La música en danza de Anne Teresa de Keersmaeker
En medio de los ajetreos prenavideños fue un auténtico regalo sumergirse anoche en el inmenso escenario del Teatro Central. En éste, casi vacío a excepción de un piano y algunas sillas, la compañía belga Rosas, como siempre, consiguió crear una atmósfera aparte. Un mundo interno y sabiamente iluminado dentro del otro, más caótico y ruidoso, del exterior. Y con mucha, muchísima danza -¡qué placer!- junto a la música de tres grandes compositores: Bach, interpretado en directo por Alain Franco, Schönberg y Weber.
Con ellos y entre ellos, nueve bailarines se entregan a una danza muy individual al principio: cada cuerpo con su propia calidad, con sus obstáculos, con sus centros, aunque todos sobre la base de la espiral, del retorcer que diría Laban. Los hombres -estupendos en esta ocasión- se entregan a la velocidad en los prestissimi, a una energía casi incontrolada en algunos momentos... Pero, como siempre, lo que acaba por conquistarnos es esa escritura escénica que la Kersmeiker hace de los materiales de cada uno, la búsqueda constante del equilibrio en el espacio con salidas y entradas ininterrumpidas de todos los intérpretes, todos ellos, pianista incluido, situados siempre a uno u otro lado del escenario. En la última parte, el grupo entero se entrega al movimiento mientras el piano lo hace a El arte de la fuga de Bach. Hubo momentos mágicos en verdad y el público esperaba ahí el final de tan largo y complejo trabajo.
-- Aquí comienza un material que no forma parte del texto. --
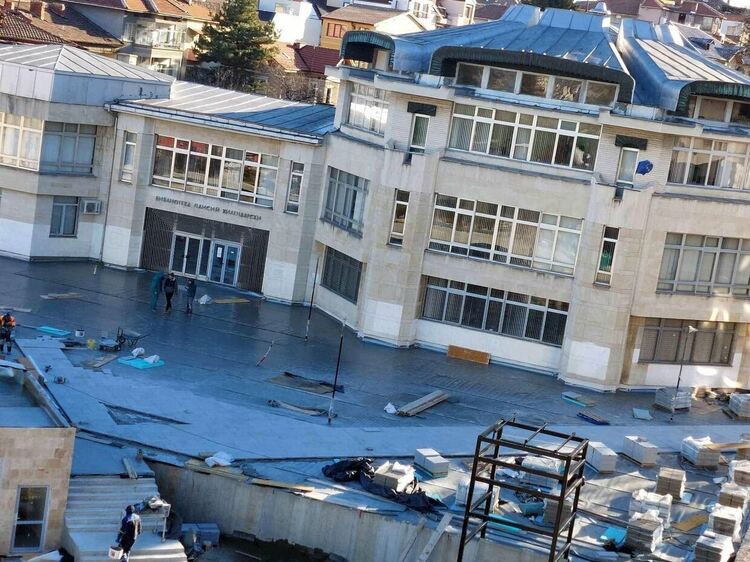 Полагат финалните настилки на пл. "Акад. Николай Хайтов"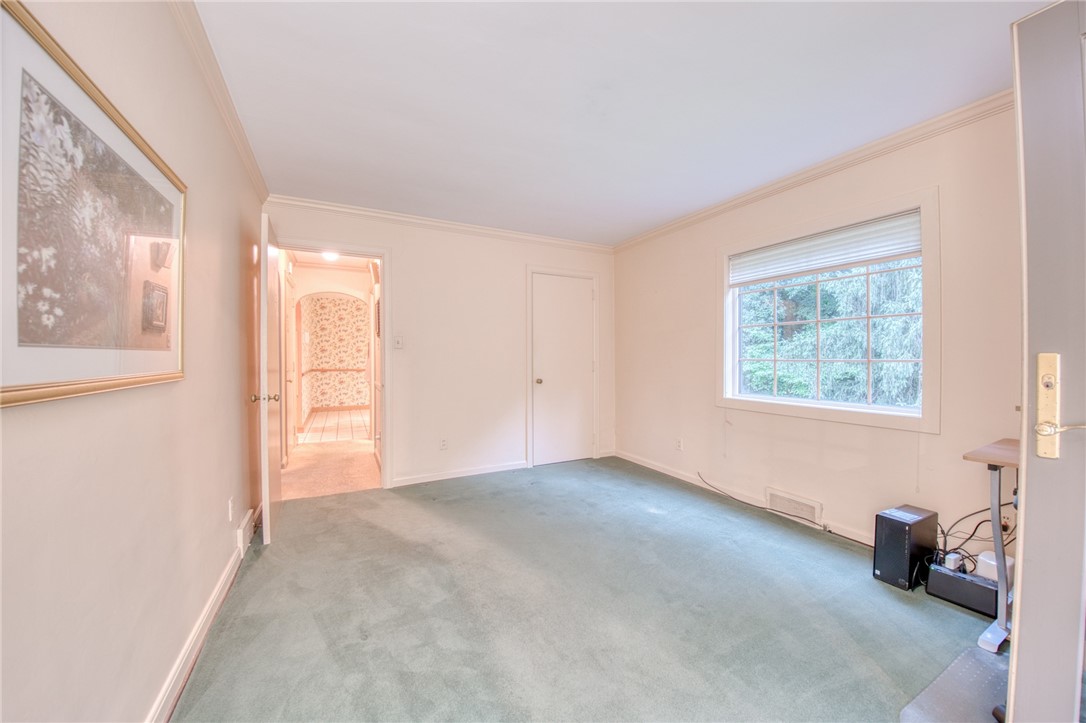 209 Glenview Drive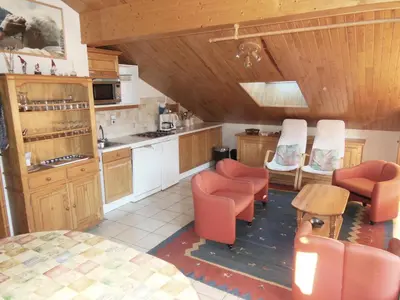 Cuisine ou kitchenette dans l'établissement Résidence Le Roselin - 3 Pièces pour 6 Personnes MAE-3311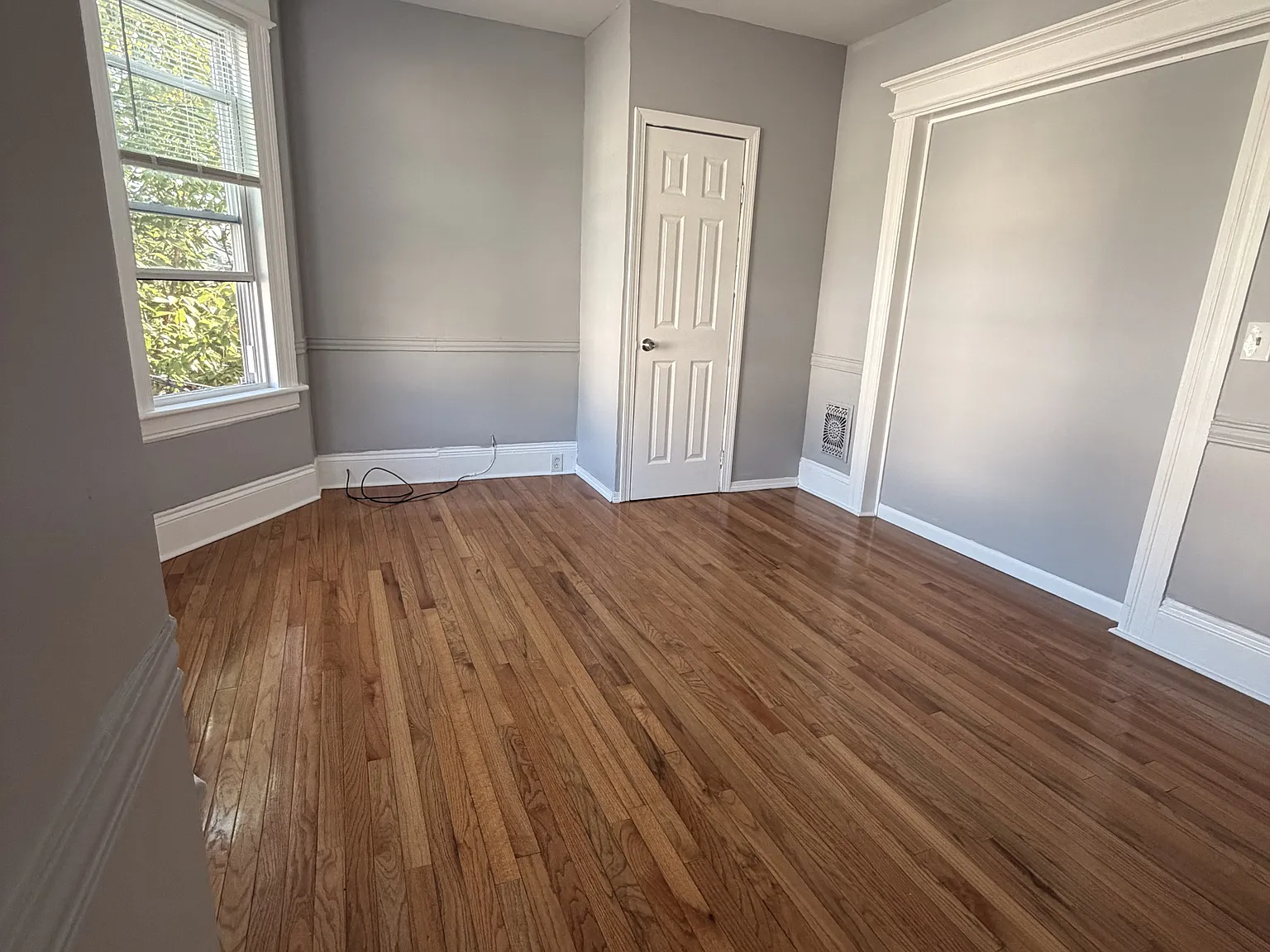 3 bed, 1206 sqft, $1,800 — Photo 2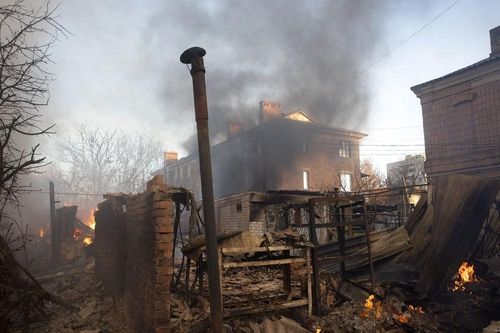 Tình hình Ukraine: Sân bay Nga bị không kích, Kiev có thể ngừng cắt điện khẩn cấp trên toàn quốc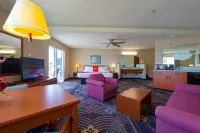 Siletz Bay Beachfront Hotel by OYO Lincoln City Hotels in Gleneden Beach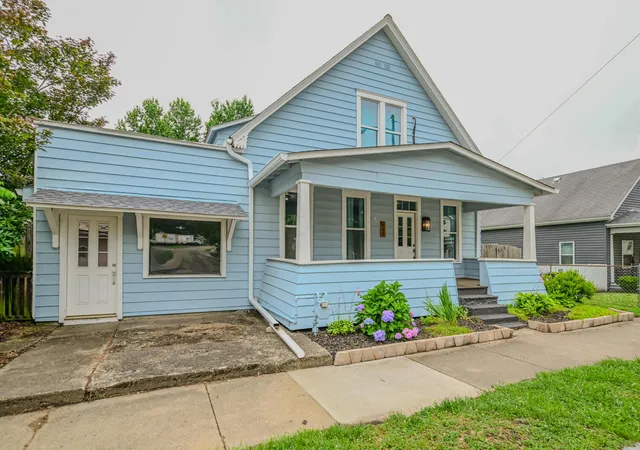 Homes for sale in Nelsonville, OH | 363 Poplar St, Nelsonville, OH 45764 | MLS# 226024011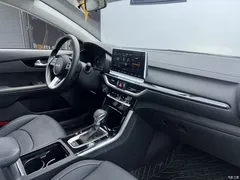 2021 Kia K3 1.5L CVT Fashion, белый — фото 14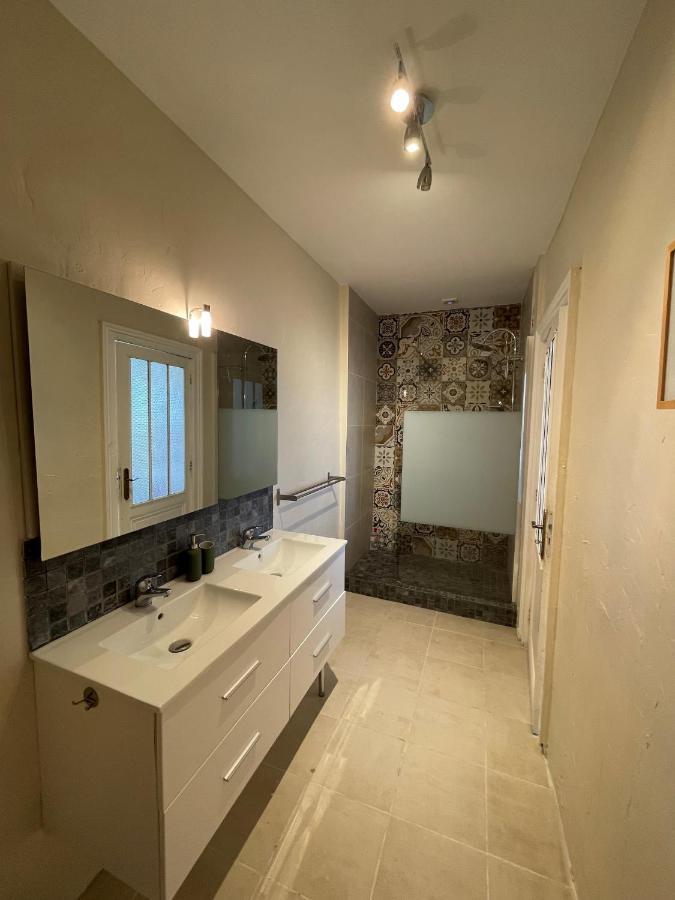La Vigne D'Or Bed & Breakfast Teuillac ภายนอก รูปภาพ
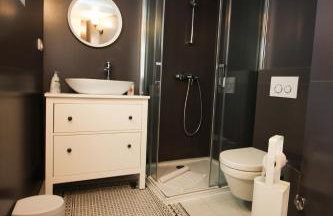 Luxury living Apartments - Photo 7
Pero el siglo XX nos trajo, entre otras muchas cosas, la atonalidad de Weber y, más tarde, la danza sin concesiones de Anne Teresa de Keersmaeker; de modo que hubo de cambiar de nuevo el ánimo y entrar en una última dimensión. No decimos que sea un espectáculo amable, pero sí que su complejidad corre pareja a su gran belleza.